TASK GOAL: With the pictures set aside, reproduce each entry precisely as it reads.

**** EXTRACTED MATERIAL ****

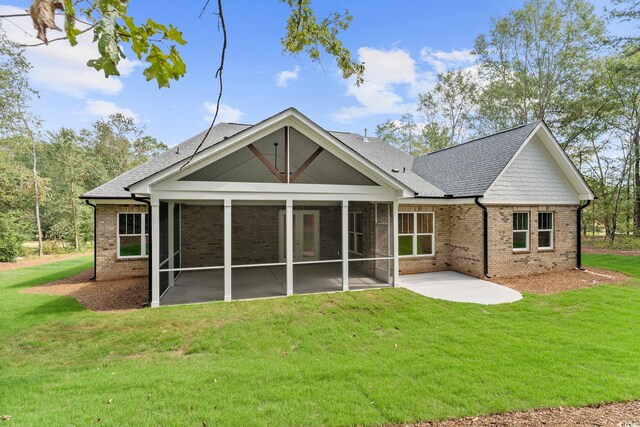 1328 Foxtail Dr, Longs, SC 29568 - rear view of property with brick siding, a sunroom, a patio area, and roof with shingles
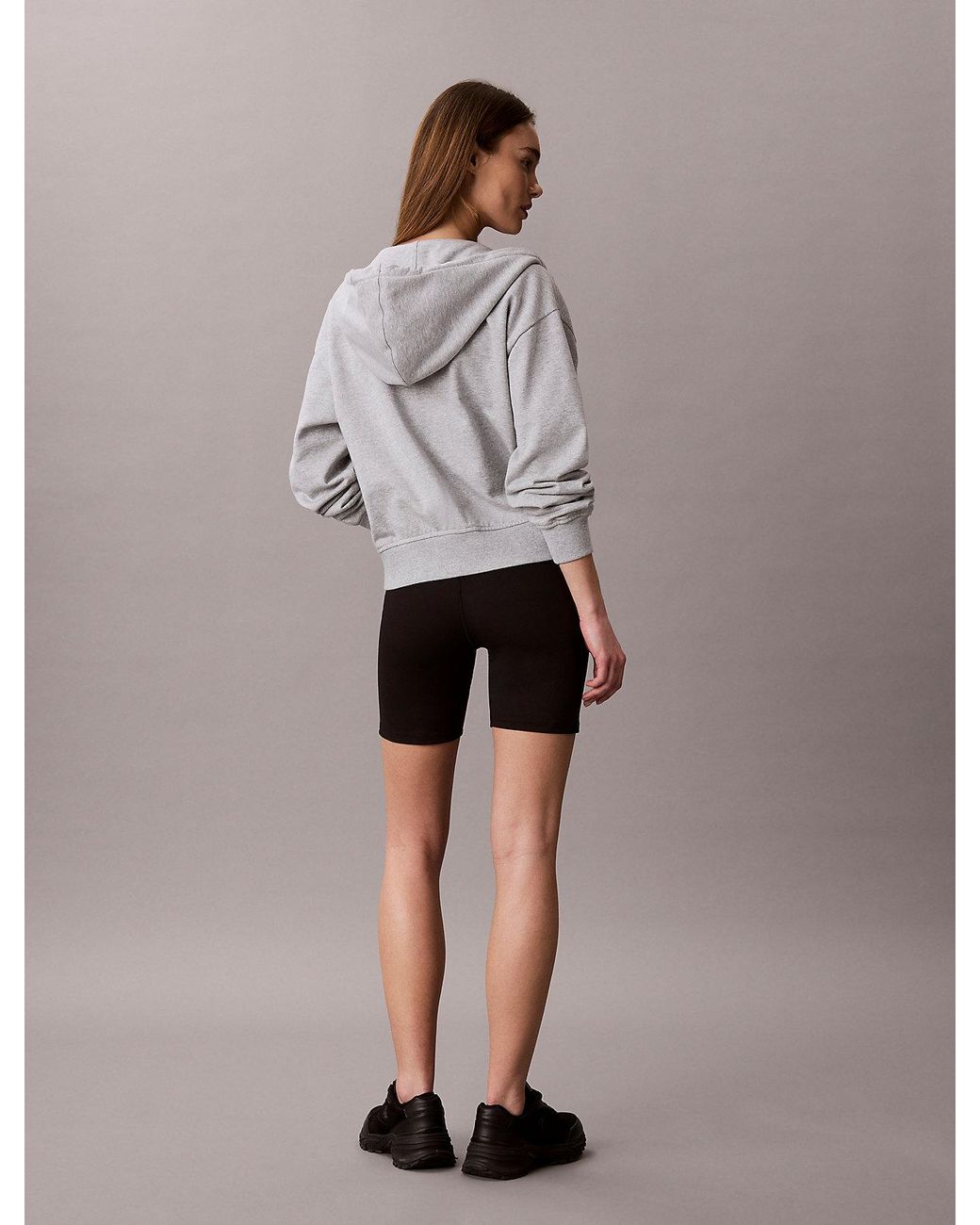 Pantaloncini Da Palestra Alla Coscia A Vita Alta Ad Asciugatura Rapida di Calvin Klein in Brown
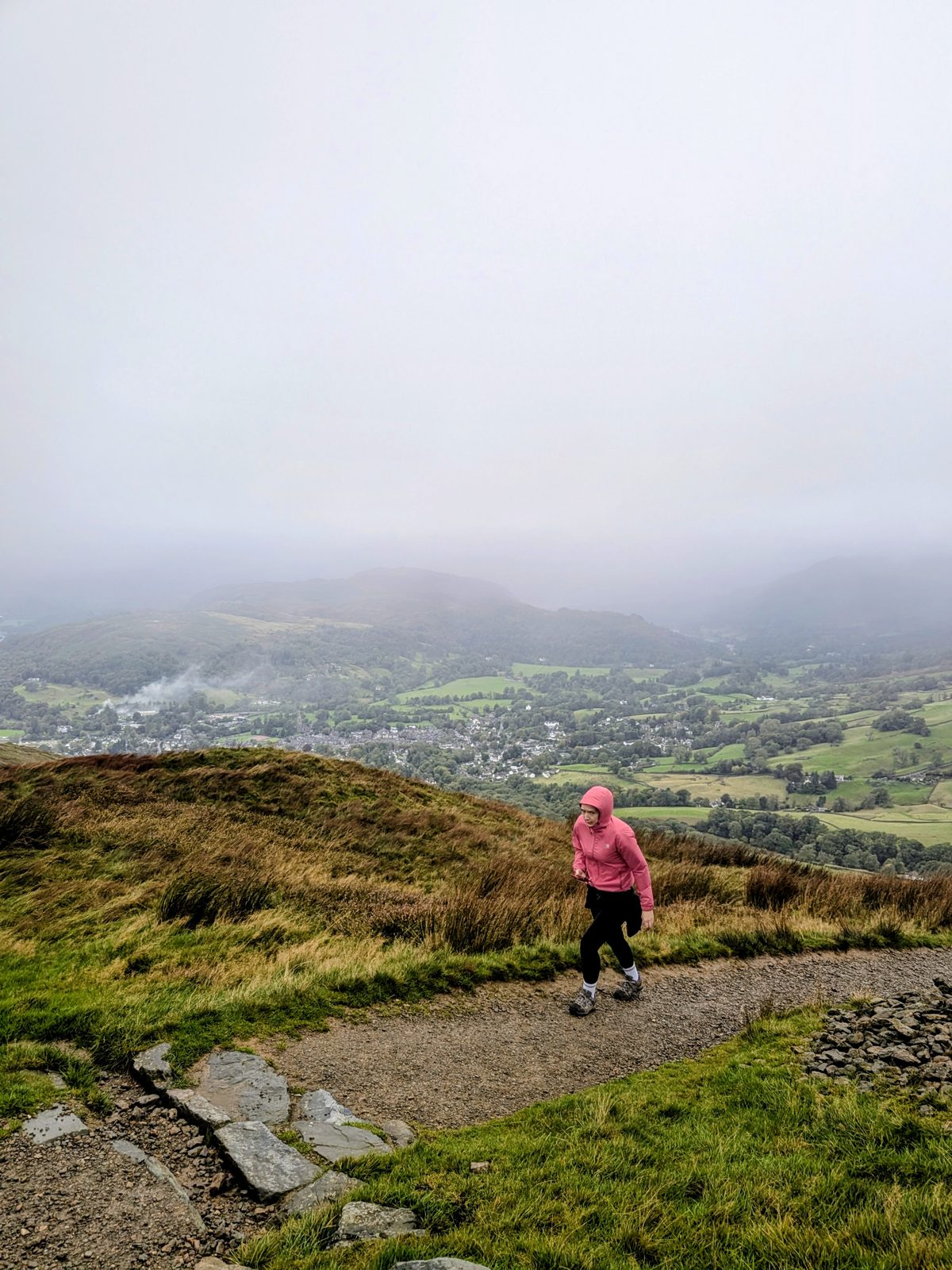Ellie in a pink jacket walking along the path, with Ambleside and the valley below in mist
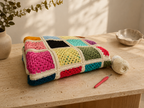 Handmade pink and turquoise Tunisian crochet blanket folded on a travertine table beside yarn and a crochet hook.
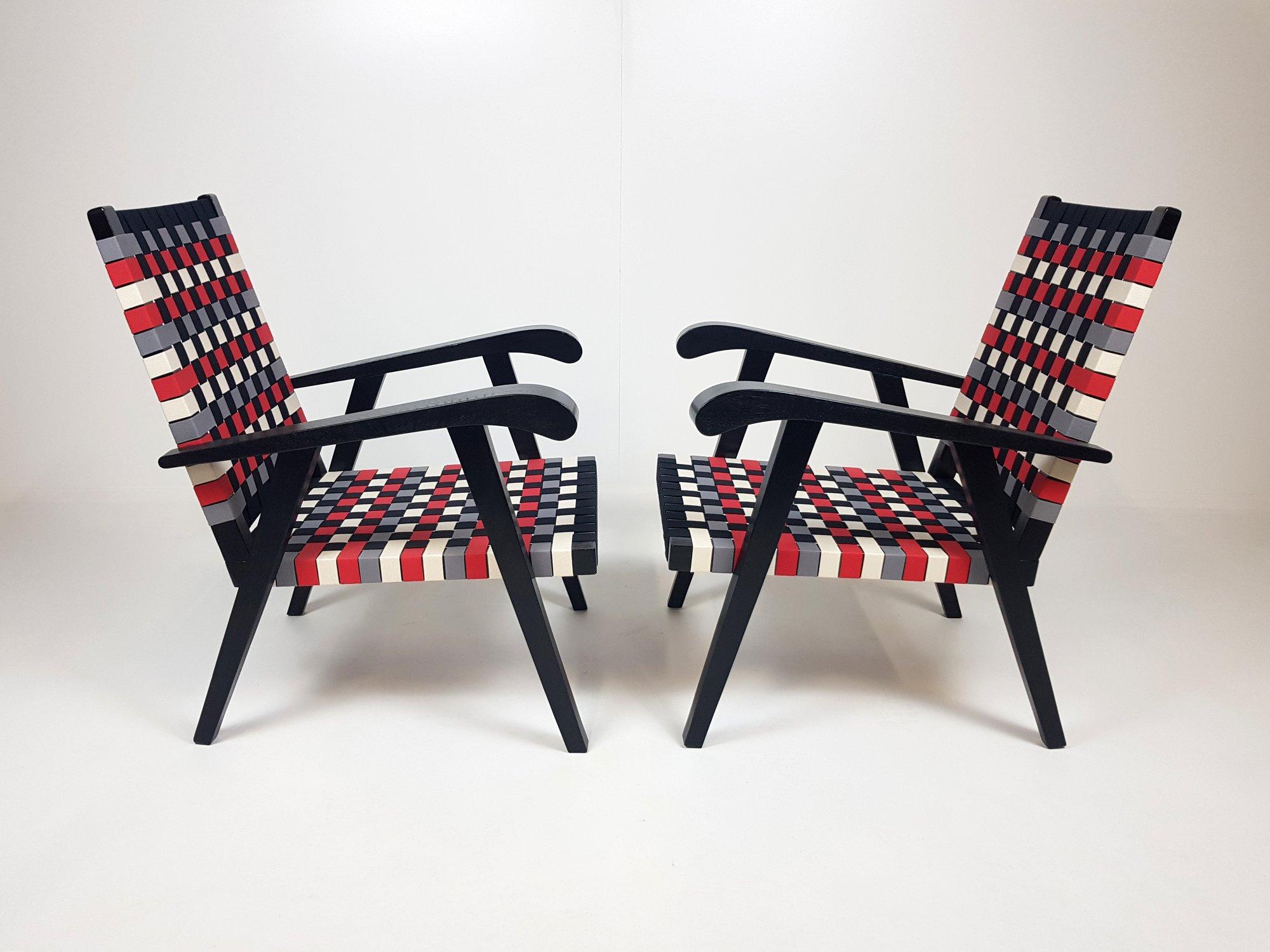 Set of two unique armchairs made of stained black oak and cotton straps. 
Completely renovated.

****

RESPONSE AREA:
 1328 Foxtail Dr, Longs, SC 29568 - rear view of property with brick siding, a sunroom, a patio area, and roof with shingles
 Pantaloncini Da Palestra Alla Coscia A Vita Alta Ad Asciugatura Rapida di Calvin Klein in Brown
Ellie in a pink jacket walking along the path, with Ambleside and the valley below in mist
 Handmade pink and turquoise Tunisian crochet blanket folded on a travertine table beside yarn and a crochet hook.
 Set of two unique armchairs made of stained black oak and cotton straps. 
Completely renovated.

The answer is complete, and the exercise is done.